R Shiny app: https://ycchoo.shinyapps.io/Assign5/

1. Overview

The following will be a data visualization to reveal the demographic structure of Singapore population by age, gender, type of dwelling and subzone in 2019. It will be built into a Shiny app using ggplot2 and other R packages. The main focus is to provide dropdown boxes to filter Age group and Sub zone for the plots of Gender infographics, TOD pie chart and spatial distribution of Singapore.

1.1. Major data and design challenges

The data from https://www.singstat.gov.sg/find-data/search-by-theme/population/geographic-distribution/latest-data comes as a 2011-2019 series. Hence, data cleaning and filtering is required to extract only year 2019 data.

The main variables are Type of Dwelling, Gender and Age Group. The challenge lies adding interaction to the variables and actively plotting them on maps and charts.

1.2. Sketch of proposed data visualization

The proposed data design will display 3 plots in a infographics for Gender ratio, pie chart for TOD and spatial distribution of Age group. There will be 2 dropdown lists to filter the Age Group and Sub Zone, with total as default for both of them. The filter selection is reactive for the 3 plots.

2. Step-by-step data visualization

2.1. Loading and installing the R packages

packages = c('ggplot2', 'shiny', 'DT', 'sf', 'tmap', 'tidyverse', 'plyr', 'png', 'devtools', 'echarts4r', 'ggpubr', 'viridis', 'plotly')

for (p in packages){
  if(!require(p, character.only = T)){
    install.packages(p)
  }
  library(p, character.only = T)
}

#devtools::install_github("JohnCoene/echarts4r.assets")

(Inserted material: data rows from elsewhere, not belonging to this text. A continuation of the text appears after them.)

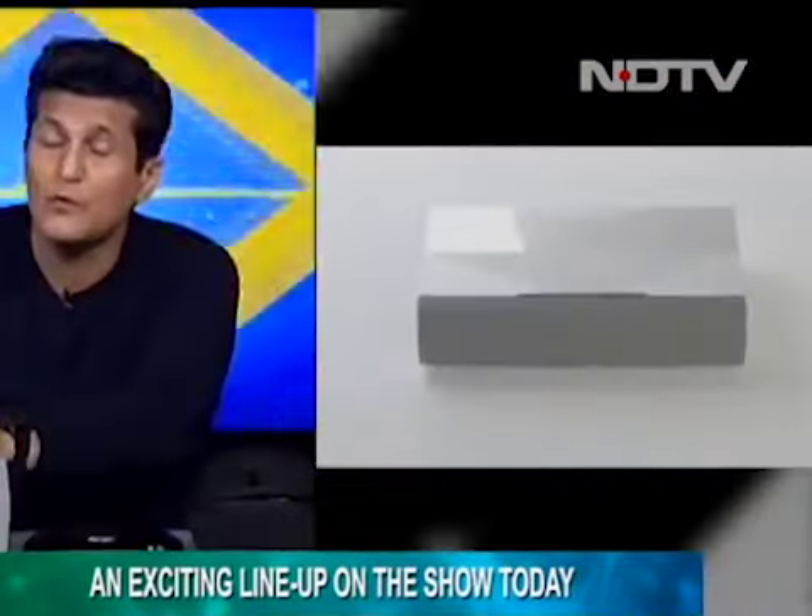Welcome to the Gadget 360 Show, and once again we are open for business. Just look at the amount of cool stuff — I love my job. We've got some very interesting things happening, some that were promised and some that are absolutely coming to you as a surprise.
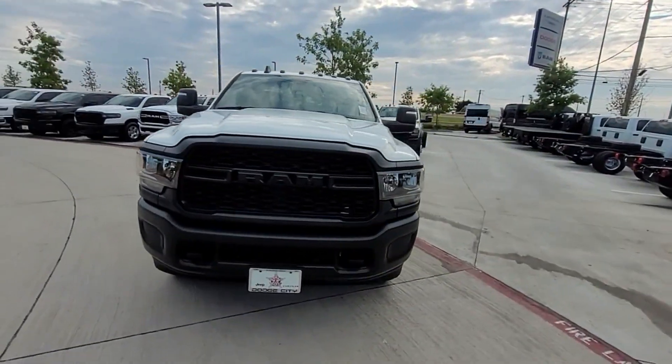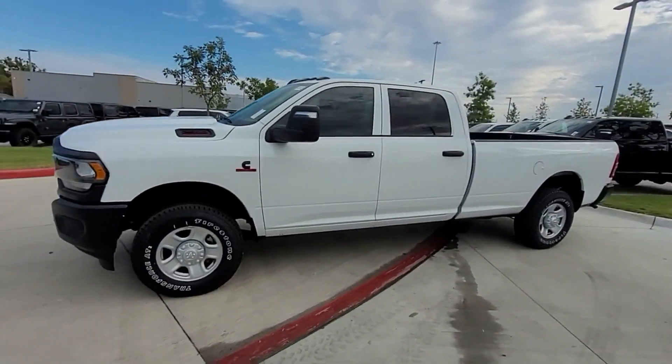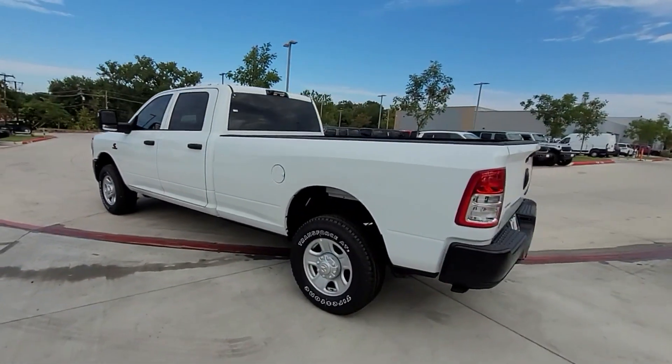2024 Ram 2500. This pickup truck offers two full rows of seating for premium comfort. Additionally, you'll be more than pleased with extra features like these.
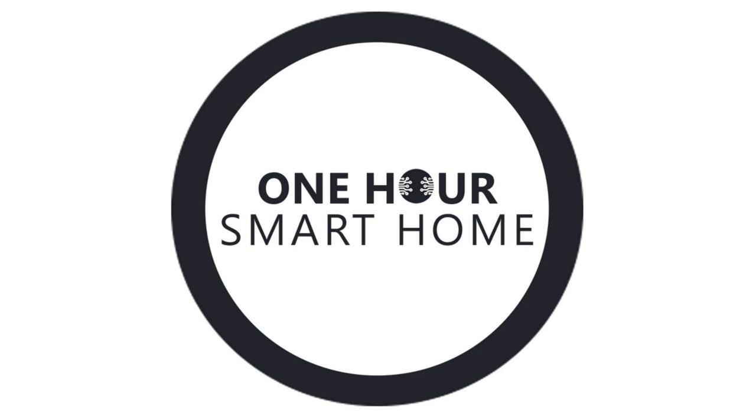You want to learn how to start a smart home? You're in the right place. This is episode number one. Welcome to the One Hour Smart Home Podcast, helping you make your life better using automation and technology. With your host, James Both.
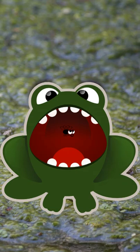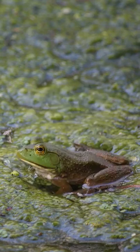Odontodes are adaptations used to grab and hang on to prey. The African bullfrog is one of only three species of frog that have these so-called teeth.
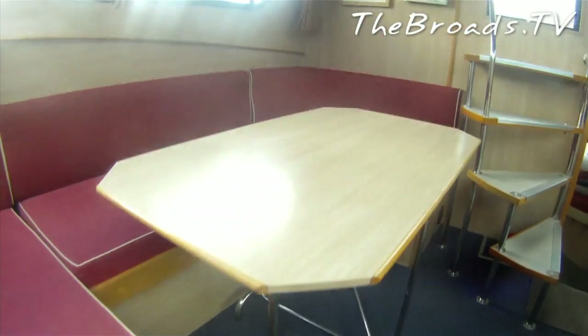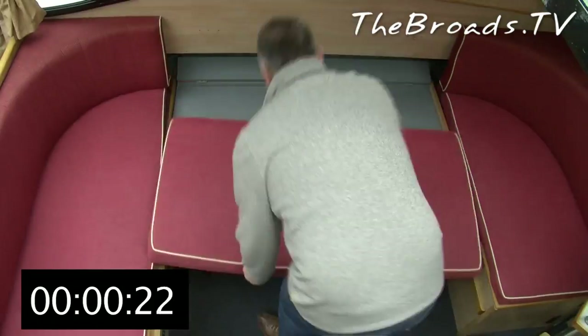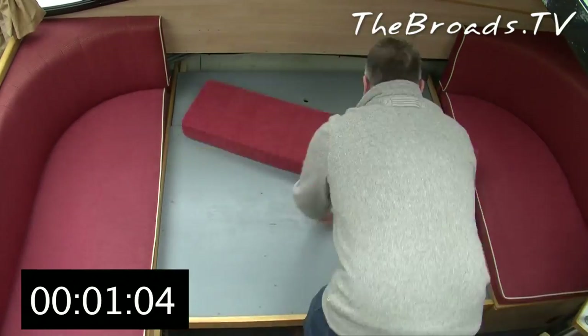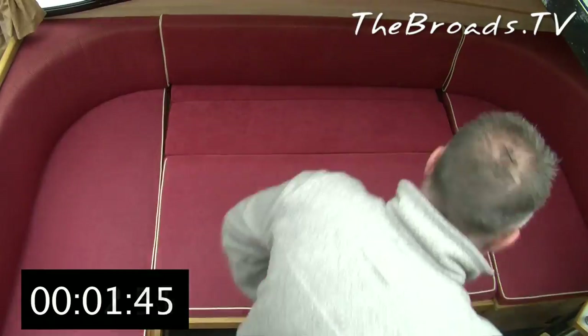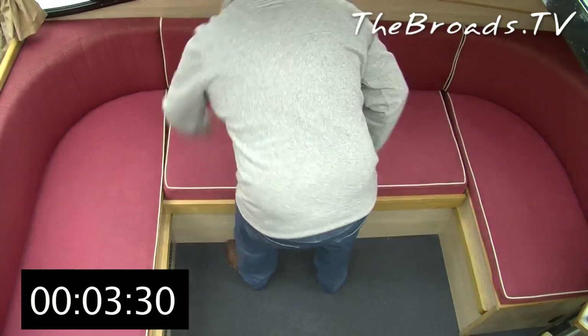On to the main saloon, where you'll find the last double berth, which is easily converted from the main seating and table area. To prove this, I was able to make the bed up and return it to its seating in just around three and a half minutes. There is also an extra bit of storage underneath the seating that you could use to store a small case or two.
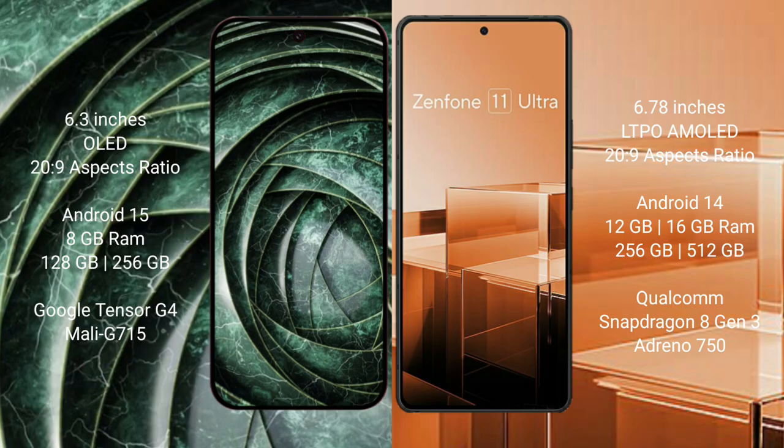The Google Pixel 9a runs on the Android 15 operating system, while the Asus Zenfone 11 Ultra runs on the Android 14 operating system.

# Add function to trim numerics to 2 decimal points
specify_decimal <- function(x, k) trimws(format(round(x, k), nsmall=k))

2.2. Importing Dataset and Geospatial Data into R

The code chunk below use the st_read() function of sf package to import MP14_SUBZONE_WEB_PL shapfile into R as a simple feature data frame called mpsz.

rawdata <- read_csv("Data/respopagesextod2011to2019.csv")
mpsz <- st_read(dsn = "Data/geospatial", 
                layer = "MP14_SUBZONE_WEB_PL")
## Reading layer `MP14_SUBZONE_WEB_PL' from data source `C:\Users\Favian\Desktop\ISSS608 Visual Analytics and Applications\Assignment 5\Assign5\Data\geospatial' using driver `ESRI Shapefile'
## Simple feature collection with 323 features and 15 fields
## geometry type:  MULTIPOLYGON
## dimension:      XY
## bbox:           xmin: 2667.538 ymin: 15748.72 xmax: 56396.44 ymax: 50256.33
## projected CRS:  SVY21

2.3. Add dataset “popdataTOD” based on Type of Dwelling

To categorize TOD and Age.

popdataTOD_ <- rawdata  %>%
  filter(Time == 2019) %>%
  select(`SZ`, `AG`, `TOD`, `Pop`)

popdataTOD_ <- aggregate(cbind(Pop) ~ SZ + AG + TOD, popdataTOD_, sum)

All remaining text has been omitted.